RESIDENTIAL KITCHEN AWARD
Hong Kong-inspired Kitchen by Atelier Jones Design
Jury comment: “This small but beautifully crafted project weaves the client’s own history and nostalgic memories of his grandmother’s kitchen into an interior while, at the same time, providing a completely fit-for-purpose space around the practicalities and efficiencies of mise en place food preparation. The result is a bold, playful kitchen, which draws on a rich and heart-warming cultural and material narrative – referencing chequered floor patterns from early 19th-century China, metro station tiles and Hong Kong’s ubiquitous ‘jade green’. From the slender-steel-profiled, rimu-topped peninsula to the hand-blackened steel benchtop’s homage to the wok, this bespoke kitchen is the delightful result of a truly craft-led design process.”
HEALTHCARE AND WELLNESS AWARD
O-Studio by Establish Studio and Three Sixty Architecture
Jury comment: “An insertion into an industrial section of the city, this new wellness retreat model provides a range of calming spaces for the rejuvenation of both mind and body. Human experience is at the forefront of the design, with the focus on delivering a connection to the space through the five senses. Natural, handmade materials offer an earthy, tactile quality and provide a warm complement to the raw shell of the building. Bespoke oils, tea and music complete the sensory journey. This project embodies the spirit of the client and embraces cultural and community values, with subtle cues of colour tones referencing Te Orokohanga o te Ao, the Māori creation story, and the inclusion of bilingual signage marking a thoughtful engagement with tikanga Māori.”

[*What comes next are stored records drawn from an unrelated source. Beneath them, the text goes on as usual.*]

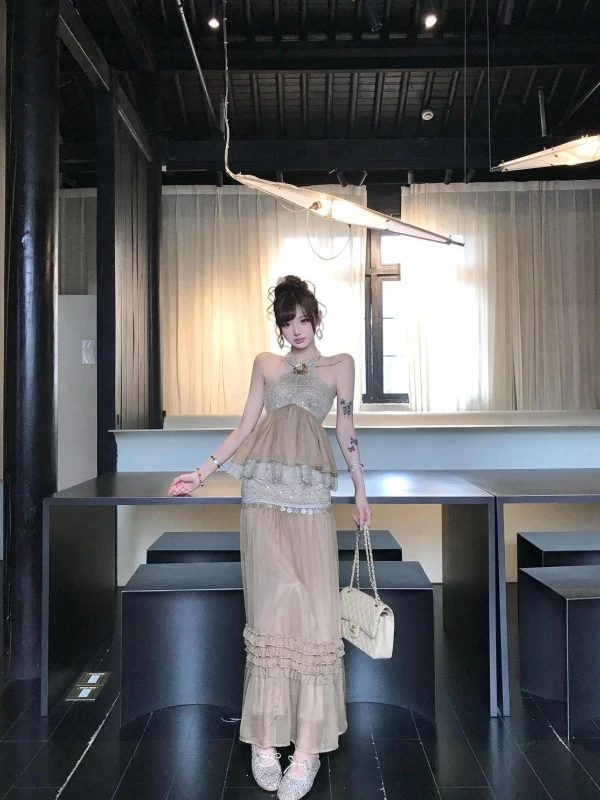Summer New Gentle Atmosphere Vintage High-Neck Hanging Neck Top High-Waist Long Skirt Two-Piece Set Women Fashionable Soft
Summer New Gentle Atmosphere Vintage High-Neck Hanging Neck Top High-Waist Long Skirt Two-Piece Set Women Fashionable Soft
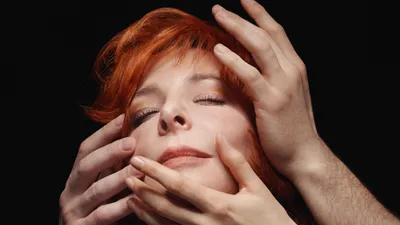 Mylène Farmer intrigue avec une mystérieuse affiche de cinéma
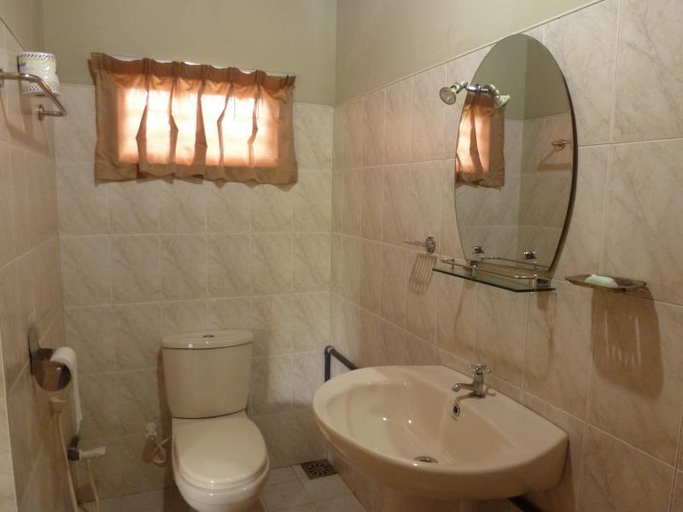 Bathroom 4, Riviera Resort, Manmunai North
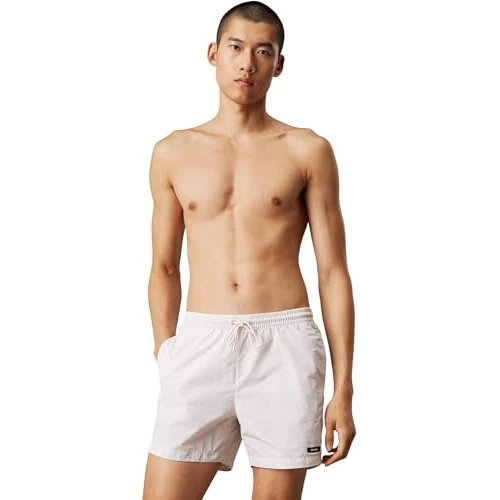 Offerta a tempo: Calvin Klein Uomo Pantaloncino da Bagno Medium Drawstring con Coulisse, Bianco (Chalk), 6XL - 49% da 64.90 € a 33.19 €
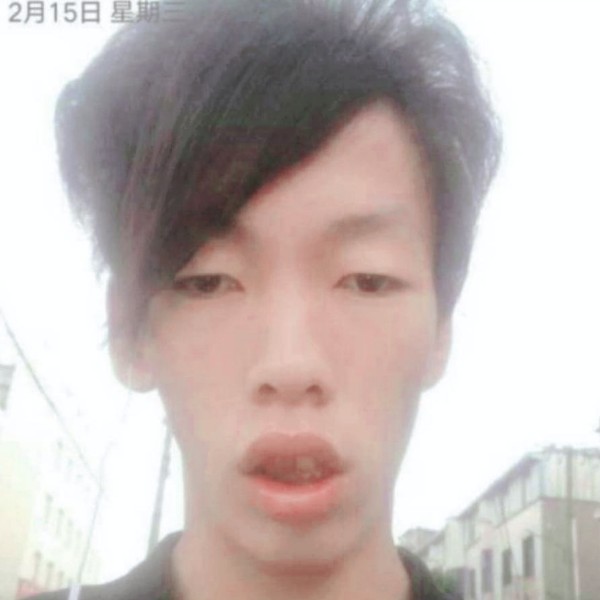 水池爱笑的照片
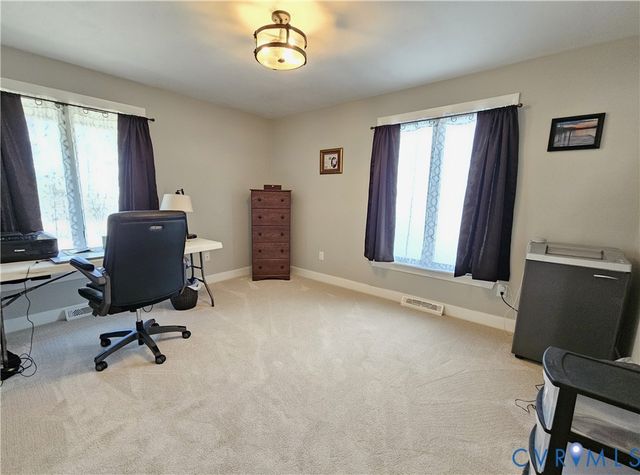 508 Kevin Dr, Farmville, VA 23901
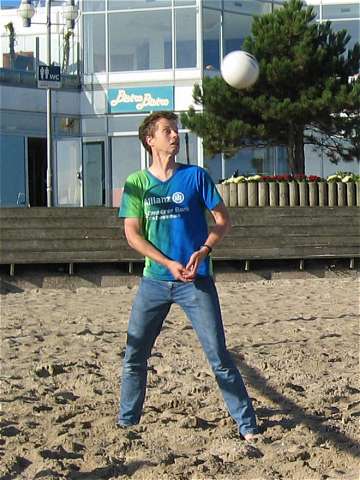 Helmut mit Volleyball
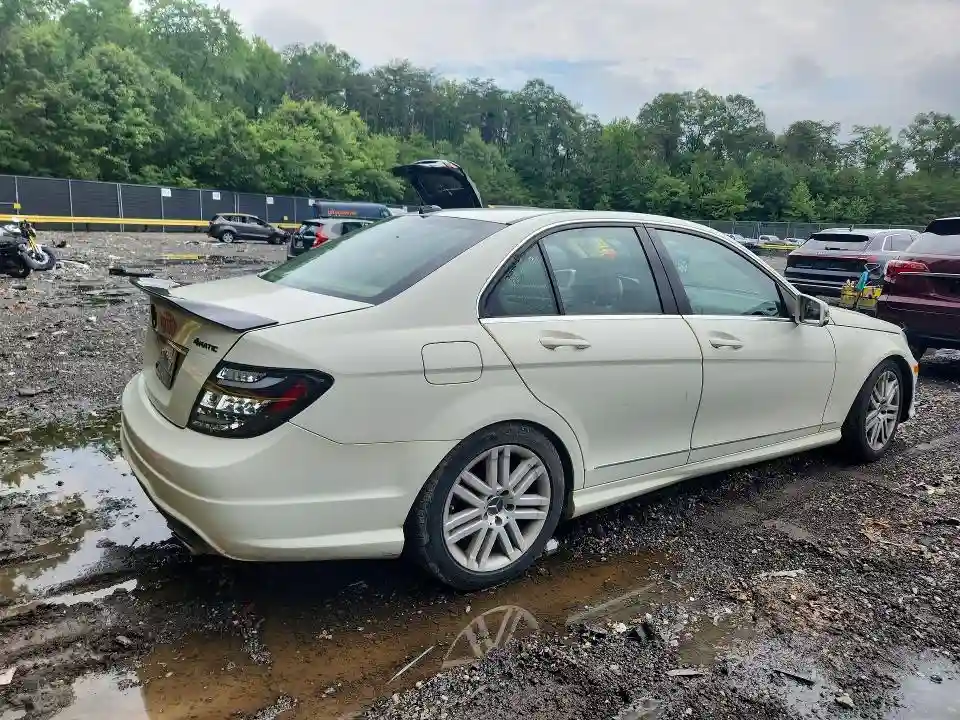 WDDGF8BB3CR226324 2012 MERCEDES-BENZ C-CLASS-2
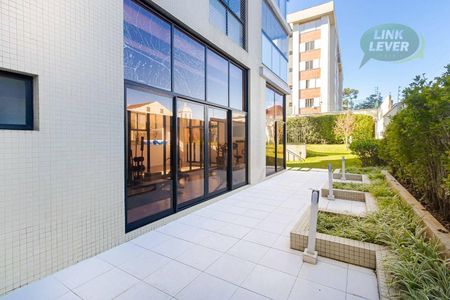 46_photo/94dce4082d.9e95a14b71ddd06e-ATLAS-cbbf2694-dd9c-4db5-bf99-07790a1b7f5b.jpg de apartamento à venda com 3 quartos, 155m² em Centro, Curitiba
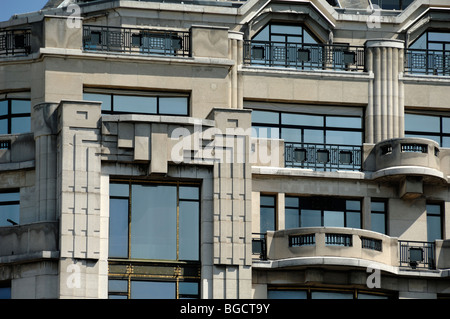 Art Deco balconi e facciata del grande magazzino la Samaritaine, costruito nel 1869, Parigi, Francia Foto Stock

EMERGING DESIGN PROFESSIONAL AWARD
Elisapeta Heta of Jasmax
Jury comment: “Elisapeta is a natural leader in our industry, championing tikanga Māori and a collaborative design approach that is generous in spirit. Her work has enriched both the culture of the office at Jasmax and the cultural credibility of its projects. She has brought her skills, thoughts, philosophy and personality to Waka Māia (Jasmax’s bicultural design and advisory team), maintaining and developing her design thinking while enhancing the work of the practice. Elisapeta has co-chaired and acted as secretary for Architecture+Women.NZ and was co-opted as Ngā Aho representative to Te Kāhui Whaihanga NZIA. Her ambition is to continue to co-design authentic, identity-enhancing spaces that whakamana (uplift and empower) all who interact with them.”